*GOAL OF THE EXERCISE:*
Every line below between the line holding "HHC10950 / 300-045-4100 Ikron" and the line holding "Ashampoo Core Tuner License Key", inclusive, should be repeated exactly, and all other lines omitted.

(Beginning of INPUT)

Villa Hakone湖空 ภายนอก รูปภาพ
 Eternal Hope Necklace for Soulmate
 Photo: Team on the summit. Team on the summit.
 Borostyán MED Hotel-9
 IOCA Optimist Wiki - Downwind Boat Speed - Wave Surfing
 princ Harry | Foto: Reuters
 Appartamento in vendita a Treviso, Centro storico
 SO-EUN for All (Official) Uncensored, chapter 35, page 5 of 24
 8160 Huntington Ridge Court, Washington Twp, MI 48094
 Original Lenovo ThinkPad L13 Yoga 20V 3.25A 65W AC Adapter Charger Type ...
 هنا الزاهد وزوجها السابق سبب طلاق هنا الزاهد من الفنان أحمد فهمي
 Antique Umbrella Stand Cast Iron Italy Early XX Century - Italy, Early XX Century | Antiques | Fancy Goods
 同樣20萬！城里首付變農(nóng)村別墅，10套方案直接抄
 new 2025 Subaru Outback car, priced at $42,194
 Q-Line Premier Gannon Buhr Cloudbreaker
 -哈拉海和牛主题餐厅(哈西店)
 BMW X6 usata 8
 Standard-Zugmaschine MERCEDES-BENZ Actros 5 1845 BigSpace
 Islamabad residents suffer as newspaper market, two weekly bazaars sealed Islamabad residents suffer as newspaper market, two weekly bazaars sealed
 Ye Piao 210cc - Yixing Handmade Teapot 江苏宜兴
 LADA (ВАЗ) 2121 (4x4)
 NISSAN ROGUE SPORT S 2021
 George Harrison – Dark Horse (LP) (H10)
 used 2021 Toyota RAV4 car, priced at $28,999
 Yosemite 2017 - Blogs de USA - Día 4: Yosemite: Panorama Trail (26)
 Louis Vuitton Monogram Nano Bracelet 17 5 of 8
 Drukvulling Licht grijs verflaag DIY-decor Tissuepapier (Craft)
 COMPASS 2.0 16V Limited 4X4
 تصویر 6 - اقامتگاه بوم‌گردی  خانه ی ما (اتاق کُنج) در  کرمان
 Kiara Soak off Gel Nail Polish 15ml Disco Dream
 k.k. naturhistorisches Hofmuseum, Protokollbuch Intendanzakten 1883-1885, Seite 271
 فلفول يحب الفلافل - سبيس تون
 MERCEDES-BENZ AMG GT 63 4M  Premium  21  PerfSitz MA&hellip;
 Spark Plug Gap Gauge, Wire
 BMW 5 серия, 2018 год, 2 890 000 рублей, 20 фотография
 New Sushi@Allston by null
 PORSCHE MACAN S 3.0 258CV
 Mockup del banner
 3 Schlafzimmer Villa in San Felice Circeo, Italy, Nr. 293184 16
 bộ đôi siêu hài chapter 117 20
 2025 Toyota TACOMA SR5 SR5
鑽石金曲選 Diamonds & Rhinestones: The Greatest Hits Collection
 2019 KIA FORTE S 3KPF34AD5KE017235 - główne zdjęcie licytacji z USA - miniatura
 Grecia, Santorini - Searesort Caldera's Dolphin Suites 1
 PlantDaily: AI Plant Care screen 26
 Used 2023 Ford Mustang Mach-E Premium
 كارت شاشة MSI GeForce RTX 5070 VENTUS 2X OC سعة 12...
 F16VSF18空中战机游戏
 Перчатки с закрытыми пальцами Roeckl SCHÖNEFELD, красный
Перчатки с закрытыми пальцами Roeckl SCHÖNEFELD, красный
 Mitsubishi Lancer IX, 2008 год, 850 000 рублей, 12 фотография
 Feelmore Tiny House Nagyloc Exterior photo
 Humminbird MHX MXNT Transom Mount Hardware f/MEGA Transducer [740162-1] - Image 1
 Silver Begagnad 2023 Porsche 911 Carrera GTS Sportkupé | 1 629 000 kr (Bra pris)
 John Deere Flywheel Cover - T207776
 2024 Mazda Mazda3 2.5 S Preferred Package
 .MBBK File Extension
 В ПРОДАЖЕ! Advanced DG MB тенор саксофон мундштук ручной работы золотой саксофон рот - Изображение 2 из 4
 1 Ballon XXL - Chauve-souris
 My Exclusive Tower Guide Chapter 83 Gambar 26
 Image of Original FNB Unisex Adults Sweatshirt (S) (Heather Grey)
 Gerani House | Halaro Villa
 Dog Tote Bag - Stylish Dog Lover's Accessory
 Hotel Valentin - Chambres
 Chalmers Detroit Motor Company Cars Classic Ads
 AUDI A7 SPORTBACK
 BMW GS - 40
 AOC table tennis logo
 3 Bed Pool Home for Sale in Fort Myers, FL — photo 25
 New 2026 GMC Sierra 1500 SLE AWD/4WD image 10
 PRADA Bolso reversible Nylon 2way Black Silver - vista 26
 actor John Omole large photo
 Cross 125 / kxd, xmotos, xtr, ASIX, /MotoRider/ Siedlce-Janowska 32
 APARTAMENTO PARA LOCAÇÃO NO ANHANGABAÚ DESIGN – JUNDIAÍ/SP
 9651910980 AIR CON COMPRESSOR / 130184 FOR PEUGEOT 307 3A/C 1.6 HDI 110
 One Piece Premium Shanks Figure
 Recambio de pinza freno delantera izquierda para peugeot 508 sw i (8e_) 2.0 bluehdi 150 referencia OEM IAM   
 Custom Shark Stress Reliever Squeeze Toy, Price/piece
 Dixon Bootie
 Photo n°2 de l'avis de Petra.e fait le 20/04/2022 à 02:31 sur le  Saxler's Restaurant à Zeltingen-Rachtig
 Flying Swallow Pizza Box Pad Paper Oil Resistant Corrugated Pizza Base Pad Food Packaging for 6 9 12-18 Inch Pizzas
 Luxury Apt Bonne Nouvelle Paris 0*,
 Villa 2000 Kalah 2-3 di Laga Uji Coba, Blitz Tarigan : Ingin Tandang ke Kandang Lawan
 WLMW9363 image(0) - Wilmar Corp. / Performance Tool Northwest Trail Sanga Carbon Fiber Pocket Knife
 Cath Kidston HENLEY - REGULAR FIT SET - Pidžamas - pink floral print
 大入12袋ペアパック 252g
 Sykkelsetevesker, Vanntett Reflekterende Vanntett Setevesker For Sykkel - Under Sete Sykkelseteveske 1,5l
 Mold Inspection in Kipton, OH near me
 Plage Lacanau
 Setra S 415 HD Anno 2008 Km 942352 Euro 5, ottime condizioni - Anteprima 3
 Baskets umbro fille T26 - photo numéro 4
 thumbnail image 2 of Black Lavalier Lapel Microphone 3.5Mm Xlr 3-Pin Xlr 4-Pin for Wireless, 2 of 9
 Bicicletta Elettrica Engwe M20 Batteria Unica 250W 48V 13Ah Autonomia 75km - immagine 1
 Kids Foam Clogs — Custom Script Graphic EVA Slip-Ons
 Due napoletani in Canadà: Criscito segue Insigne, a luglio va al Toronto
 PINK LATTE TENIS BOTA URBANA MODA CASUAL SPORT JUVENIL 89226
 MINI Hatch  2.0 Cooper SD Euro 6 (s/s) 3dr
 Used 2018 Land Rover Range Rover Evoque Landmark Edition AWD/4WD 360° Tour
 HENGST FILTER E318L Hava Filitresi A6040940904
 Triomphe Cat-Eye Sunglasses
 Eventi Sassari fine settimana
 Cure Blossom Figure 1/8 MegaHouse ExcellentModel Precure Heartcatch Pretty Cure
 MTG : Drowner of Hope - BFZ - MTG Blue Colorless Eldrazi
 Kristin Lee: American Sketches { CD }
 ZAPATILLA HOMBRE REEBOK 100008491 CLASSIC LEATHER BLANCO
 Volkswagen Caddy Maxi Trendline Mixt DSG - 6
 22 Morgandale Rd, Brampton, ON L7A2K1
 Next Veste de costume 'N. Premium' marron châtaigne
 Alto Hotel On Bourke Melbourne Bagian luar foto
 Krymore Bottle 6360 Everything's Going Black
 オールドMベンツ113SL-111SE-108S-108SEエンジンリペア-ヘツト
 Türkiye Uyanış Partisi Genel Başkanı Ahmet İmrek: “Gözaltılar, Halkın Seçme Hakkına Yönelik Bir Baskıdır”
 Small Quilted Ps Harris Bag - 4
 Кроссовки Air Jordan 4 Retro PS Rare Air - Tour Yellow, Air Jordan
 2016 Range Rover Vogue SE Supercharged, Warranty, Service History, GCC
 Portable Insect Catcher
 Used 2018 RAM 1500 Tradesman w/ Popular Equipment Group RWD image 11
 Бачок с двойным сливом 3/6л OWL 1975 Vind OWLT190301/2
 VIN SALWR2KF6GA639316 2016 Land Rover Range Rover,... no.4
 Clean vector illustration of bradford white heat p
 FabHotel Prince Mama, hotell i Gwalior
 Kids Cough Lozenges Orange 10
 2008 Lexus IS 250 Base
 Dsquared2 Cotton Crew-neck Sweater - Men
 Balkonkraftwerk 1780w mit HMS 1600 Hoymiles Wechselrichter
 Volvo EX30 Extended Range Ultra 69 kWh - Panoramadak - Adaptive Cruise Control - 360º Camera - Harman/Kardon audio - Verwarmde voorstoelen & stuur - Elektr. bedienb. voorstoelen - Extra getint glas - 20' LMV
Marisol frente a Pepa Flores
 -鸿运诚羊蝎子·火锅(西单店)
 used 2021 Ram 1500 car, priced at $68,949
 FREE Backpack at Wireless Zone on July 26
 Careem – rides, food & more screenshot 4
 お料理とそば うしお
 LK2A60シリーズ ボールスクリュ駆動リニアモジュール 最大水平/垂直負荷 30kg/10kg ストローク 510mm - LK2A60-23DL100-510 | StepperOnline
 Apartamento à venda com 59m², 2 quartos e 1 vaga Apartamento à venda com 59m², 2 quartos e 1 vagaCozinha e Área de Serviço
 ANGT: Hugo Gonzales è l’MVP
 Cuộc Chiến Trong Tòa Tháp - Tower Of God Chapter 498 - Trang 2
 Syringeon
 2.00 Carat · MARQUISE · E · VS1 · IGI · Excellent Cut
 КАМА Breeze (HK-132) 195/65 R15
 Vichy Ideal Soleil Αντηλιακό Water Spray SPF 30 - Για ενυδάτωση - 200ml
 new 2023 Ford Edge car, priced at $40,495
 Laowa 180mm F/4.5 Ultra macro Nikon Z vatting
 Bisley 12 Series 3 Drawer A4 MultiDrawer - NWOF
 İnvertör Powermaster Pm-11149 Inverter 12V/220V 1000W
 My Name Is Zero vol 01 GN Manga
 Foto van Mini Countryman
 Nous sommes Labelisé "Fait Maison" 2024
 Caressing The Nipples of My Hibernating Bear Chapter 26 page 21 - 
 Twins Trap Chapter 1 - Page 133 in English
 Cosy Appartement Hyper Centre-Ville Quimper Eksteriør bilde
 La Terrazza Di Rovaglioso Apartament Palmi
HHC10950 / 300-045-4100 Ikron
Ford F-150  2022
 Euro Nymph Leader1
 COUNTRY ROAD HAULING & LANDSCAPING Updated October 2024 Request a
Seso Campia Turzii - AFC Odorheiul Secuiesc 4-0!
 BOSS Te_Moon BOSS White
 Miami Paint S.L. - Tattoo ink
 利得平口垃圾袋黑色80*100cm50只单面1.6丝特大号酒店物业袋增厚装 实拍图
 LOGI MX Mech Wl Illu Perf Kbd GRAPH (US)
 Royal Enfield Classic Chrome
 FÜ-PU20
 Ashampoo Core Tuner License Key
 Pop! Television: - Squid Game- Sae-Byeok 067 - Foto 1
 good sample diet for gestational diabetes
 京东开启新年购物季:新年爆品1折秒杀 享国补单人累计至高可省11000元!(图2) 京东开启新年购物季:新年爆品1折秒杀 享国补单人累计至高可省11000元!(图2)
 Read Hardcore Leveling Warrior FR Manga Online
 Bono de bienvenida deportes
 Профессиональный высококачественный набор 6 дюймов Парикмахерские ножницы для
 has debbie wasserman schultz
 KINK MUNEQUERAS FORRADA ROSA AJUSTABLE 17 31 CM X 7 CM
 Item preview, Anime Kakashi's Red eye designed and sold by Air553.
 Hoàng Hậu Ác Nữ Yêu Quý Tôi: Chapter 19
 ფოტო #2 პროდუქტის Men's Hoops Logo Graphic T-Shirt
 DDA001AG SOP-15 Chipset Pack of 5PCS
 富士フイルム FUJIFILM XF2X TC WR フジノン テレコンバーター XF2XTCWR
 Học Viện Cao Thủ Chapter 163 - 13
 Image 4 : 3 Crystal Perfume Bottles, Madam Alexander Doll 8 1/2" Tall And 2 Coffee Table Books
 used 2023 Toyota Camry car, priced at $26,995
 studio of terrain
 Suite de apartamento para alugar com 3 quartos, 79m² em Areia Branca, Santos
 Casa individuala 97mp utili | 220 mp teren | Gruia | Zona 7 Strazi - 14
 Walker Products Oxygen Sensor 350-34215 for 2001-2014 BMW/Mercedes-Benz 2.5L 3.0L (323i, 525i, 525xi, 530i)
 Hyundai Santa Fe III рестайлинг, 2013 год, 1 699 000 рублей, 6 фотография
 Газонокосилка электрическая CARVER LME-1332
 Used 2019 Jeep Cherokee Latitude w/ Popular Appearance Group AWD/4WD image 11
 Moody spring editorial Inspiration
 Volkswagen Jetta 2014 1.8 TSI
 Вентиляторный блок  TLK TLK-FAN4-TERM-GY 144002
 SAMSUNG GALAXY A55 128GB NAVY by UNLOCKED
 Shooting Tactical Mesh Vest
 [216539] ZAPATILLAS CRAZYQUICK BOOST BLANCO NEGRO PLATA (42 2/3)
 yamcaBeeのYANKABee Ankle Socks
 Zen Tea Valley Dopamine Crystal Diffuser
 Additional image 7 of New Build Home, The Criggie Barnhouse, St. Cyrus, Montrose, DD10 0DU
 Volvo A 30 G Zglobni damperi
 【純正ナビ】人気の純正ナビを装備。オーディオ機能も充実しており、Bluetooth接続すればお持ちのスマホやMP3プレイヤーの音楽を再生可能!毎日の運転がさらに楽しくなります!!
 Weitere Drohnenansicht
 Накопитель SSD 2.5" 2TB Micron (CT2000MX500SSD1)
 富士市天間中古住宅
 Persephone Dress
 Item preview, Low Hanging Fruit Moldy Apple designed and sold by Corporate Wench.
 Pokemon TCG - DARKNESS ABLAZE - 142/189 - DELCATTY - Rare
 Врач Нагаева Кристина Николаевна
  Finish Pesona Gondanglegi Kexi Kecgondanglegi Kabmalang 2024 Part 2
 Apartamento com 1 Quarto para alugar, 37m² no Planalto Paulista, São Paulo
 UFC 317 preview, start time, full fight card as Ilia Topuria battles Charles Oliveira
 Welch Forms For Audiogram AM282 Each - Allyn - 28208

(End of INPUT)

*YOUR SOLUTION:*
HHC10950 / 300-045-4100 Ikron
Ford F-150  2022
 Euro Nymph Leader1
 COUNTRY ROAD HAULING & LANDSCAPING Updated October 2024 Request a
Seso Campia Turzii - AFC Odorheiul Secuiesc 4-0!
 BOSS Te_Moon BOSS White
 Miami Paint S.L. - Tattoo ink
 利得平口垃圾袋黑色80*100cm50只单面1.6丝特大号酒店物业袋增厚装 实拍图
 LOGI MX Mech Wl Illu Perf Kbd GRAPH (US)
 Royal Enfield Classic Chrome
 FÜ-PU20
 Ashampoo Core Tuner License Key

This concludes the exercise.